» Scraped caption text data

..........

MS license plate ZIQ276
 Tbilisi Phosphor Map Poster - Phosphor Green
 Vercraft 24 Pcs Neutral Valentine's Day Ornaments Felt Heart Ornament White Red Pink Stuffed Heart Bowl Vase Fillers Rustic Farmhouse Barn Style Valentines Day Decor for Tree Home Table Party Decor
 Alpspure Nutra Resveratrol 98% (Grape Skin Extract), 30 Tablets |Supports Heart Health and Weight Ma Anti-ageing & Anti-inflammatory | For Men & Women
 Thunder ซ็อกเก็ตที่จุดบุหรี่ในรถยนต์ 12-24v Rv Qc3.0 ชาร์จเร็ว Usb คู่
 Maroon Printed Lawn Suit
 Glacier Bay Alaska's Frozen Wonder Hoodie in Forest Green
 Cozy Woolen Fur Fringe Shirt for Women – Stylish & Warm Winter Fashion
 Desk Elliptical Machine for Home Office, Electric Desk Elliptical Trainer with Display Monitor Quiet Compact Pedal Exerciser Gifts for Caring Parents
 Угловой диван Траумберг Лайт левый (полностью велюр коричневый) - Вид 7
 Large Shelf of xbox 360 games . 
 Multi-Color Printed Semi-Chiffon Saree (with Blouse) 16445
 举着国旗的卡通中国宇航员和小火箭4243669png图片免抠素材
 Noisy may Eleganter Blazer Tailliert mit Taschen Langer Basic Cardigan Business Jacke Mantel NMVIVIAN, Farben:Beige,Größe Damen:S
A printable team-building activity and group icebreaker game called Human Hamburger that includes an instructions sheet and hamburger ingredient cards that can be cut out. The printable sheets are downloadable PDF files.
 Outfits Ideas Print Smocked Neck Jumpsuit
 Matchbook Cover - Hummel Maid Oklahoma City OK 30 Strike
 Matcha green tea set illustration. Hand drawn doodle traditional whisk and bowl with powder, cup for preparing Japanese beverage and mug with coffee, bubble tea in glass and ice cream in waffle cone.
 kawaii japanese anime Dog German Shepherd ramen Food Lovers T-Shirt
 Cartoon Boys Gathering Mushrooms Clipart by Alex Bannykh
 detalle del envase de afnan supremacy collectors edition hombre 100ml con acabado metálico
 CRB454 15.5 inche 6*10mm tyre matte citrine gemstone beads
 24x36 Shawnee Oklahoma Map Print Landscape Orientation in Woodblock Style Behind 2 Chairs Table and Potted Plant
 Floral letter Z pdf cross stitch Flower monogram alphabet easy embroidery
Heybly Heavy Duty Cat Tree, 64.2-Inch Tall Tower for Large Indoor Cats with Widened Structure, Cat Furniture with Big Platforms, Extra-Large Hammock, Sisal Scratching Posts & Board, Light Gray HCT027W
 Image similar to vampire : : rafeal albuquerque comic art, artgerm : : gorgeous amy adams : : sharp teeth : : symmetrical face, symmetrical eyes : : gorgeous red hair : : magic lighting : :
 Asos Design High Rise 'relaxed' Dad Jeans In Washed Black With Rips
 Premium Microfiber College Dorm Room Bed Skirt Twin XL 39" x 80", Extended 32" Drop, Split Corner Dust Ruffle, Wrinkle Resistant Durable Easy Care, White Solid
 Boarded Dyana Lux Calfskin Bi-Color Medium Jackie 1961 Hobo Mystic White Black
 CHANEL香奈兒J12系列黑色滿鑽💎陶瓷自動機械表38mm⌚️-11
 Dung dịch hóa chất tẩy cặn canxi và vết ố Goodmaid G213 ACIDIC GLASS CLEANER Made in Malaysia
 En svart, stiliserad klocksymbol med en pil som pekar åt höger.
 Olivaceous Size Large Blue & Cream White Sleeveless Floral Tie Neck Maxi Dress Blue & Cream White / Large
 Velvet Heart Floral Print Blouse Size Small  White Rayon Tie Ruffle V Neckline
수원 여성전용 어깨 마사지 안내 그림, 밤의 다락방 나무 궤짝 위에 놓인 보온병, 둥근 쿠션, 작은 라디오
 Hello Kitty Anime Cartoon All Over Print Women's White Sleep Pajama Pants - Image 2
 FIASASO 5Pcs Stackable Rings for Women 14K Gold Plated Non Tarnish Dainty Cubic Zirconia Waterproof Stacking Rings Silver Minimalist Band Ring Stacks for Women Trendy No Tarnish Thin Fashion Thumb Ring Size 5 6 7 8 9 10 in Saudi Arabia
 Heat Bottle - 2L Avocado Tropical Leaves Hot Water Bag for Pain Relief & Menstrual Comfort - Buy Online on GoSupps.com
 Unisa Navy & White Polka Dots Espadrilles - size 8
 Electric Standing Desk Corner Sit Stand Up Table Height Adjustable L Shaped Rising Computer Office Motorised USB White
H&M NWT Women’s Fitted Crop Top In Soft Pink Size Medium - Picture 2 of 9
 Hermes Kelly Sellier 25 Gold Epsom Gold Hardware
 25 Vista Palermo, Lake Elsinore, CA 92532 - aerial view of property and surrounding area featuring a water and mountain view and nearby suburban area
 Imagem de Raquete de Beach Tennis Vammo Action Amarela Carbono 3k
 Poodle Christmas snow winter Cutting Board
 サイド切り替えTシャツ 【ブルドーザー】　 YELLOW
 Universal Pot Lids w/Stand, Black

..........

Please restate the data word for word, every record included.

MS license plate ZIQ276
 Tbilisi Phosphor Map Poster - Phosphor Green
 Vercraft 24 Pcs Neutral Valentine's Day Ornaments Felt Heart Ornament White Red Pink Stuffed Heart Bowl Vase Fillers Rustic Farmhouse Barn Style Valentines Day Decor for Tree Home Table Party Decor
 Alpspure Nutra Resveratrol 98% (Grape Skin Extract), 30 Tablets |Supports Heart Health and Weight Ma Anti-ageing & Anti-inflammatory | For Men & Women
 Thunder ซ็อกเก็ตที่จุดบุหรี่ในรถยนต์ 12-24v Rv Qc3.0 ชาร์จเร็ว Usb คู่
 Maroon Printed Lawn Suit
 Glacier Bay Alaska's Frozen Wonder Hoodie in Forest Green
 Cozy Woolen Fur Fringe Shirt for Women – Stylish & Warm Winter Fashion
 Desk Elliptical Machine for Home Office, Electric Desk Elliptical Trainer with Display Monitor Quiet Compact Pedal Exerciser Gifts for Caring Parents
 Угловой диван Траумберг Лайт левый (полностью велюр коричневый) - Вид 7
 Large Shelf of xbox 360 games . 
 Multi-Color Printed Semi-Chiffon Saree (with Blouse) 16445
 举着国旗的卡通中国宇航员和小火箭4243669png图片免抠素材
 Noisy may Eleganter Blazer Tailliert mit Taschen Langer Basic Cardigan Business Jacke Mantel NMVIVIAN, Farben:Beige,Größe Damen:S
A printable team-building activity and group icebreaker game called Human Hamburger that includes an instructions sheet and hamburger ingredient cards that can be cut out. The printable sheets are downloadable PDF files.
 Outfits Ideas Print Smocked Neck Jumpsuit
 Matchbook Cover - Hummel Maid Oklahoma City OK 30 Strike
 Matcha green tea set illustration. Hand drawn doodle traditional whisk and bowl with powder, cup for preparing Japanese beverage and mug with coffee, bubble tea in glass and ice cream in waffle cone.
 kawaii japanese anime Dog German Shepherd ramen Food Lovers T-Shirt
 Cartoon Boys Gathering Mushrooms Clipart by Alex Bannykh
 detalle del envase de afnan supremacy collectors edition hombre 100ml con acabado metálico
 CRB454 15.5 inche 6*10mm tyre matte citrine gemstone beads
 24x36 Shawnee Oklahoma Map Print Landscape Orientation in Woodblock Style Behind 2 Chairs Table and Potted Plant
 Floral letter Z pdf cross stitch Flower monogram alphabet easy embroidery
Heybly Heavy Duty Cat Tree, 64.2-Inch Tall Tower for Large Indoor Cats with Widened Structure, Cat Furniture with Big Platforms, Extra-Large Hammock, Sisal Scratching Posts & Board, Light Gray HCT027W
 Image similar to vampire : : rafeal albuquerque comic art, artgerm : : gorgeous amy adams : : sharp teeth : : symmetrical face, symmetrical eyes : : gorgeous red hair : : magic lighting : :
 Asos Design High Rise 'relaxed' Dad Jeans In Washed Black With Rips
 Premium Microfiber College Dorm Room Bed Skirt Twin XL 39" x 80", Extended 32" Drop, Split Corner Dust Ruffle, Wrinkle Resistant Durable Easy Care, White Solid
 Boarded Dyana Lux Calfskin Bi-Color Medium Jackie 1961 Hobo Mystic White Black
 CHANEL香奈兒J12系列黑色滿鑽💎陶瓷自動機械表38mm⌚️-11
 Dung dịch hóa chất tẩy cặn canxi và vết ố Goodmaid G213 ACIDIC GLASS CLEANER Made in Malaysia
 En svart, stiliserad klocksymbol med en pil som pekar åt höger.
 Olivaceous Size Large Blue & Cream White Sleeveless Floral Tie Neck Maxi Dress Blue & Cream White / Large
 Velvet Heart Floral Print Blouse Size Small  White Rayon Tie Ruffle V Neckline
수원 여성전용 어깨 마사지 안내 그림, 밤의 다락방 나무 궤짝 위에 놓인 보온병, 둥근 쿠션, 작은 라디오
 Hello Kitty Anime Cartoon All Over Print Women's White Sleep Pajama Pants - Image 2
 FIASASO 5Pcs Stackable Rings for Women 14K Gold Plated Non Tarnish Dainty Cubic Zirconia Waterproof Stacking Rings Silver Minimalist Band Ring Stacks for Women Trendy No Tarnish Thin Fashion Thumb Ring Size 5 6 7 8 9 10 in Saudi Arabia
 Heat Bottle - 2L Avocado Tropical Leaves Hot Water Bag for Pain Relief & Menstrual Comfort - Buy Online on GoSupps.com
 Unisa Navy & White Polka Dots Espadrilles - size 8
 Electric Standing Desk Corner Sit Stand Up Table Height Adjustable L Shaped Rising Computer Office Motorised USB White
H&M NWT Women’s Fitted Crop Top In Soft Pink Size Medium - Picture 2 of 9
 Hermes Kelly Sellier 25 Gold Epsom Gold Hardware
 25 Vista Palermo, Lake Elsinore, CA 92532 - aerial view of property and surrounding area featuring a water and mountain view and nearby suburban area
 Imagem de Raquete de Beach Tennis Vammo Action Amarela Carbono 3k
 Poodle Christmas snow winter Cutting Board
 サイド切り替えTシャツ 【ブルドーザー】　 YELLOW
 Universal Pot Lids w/Stand, Black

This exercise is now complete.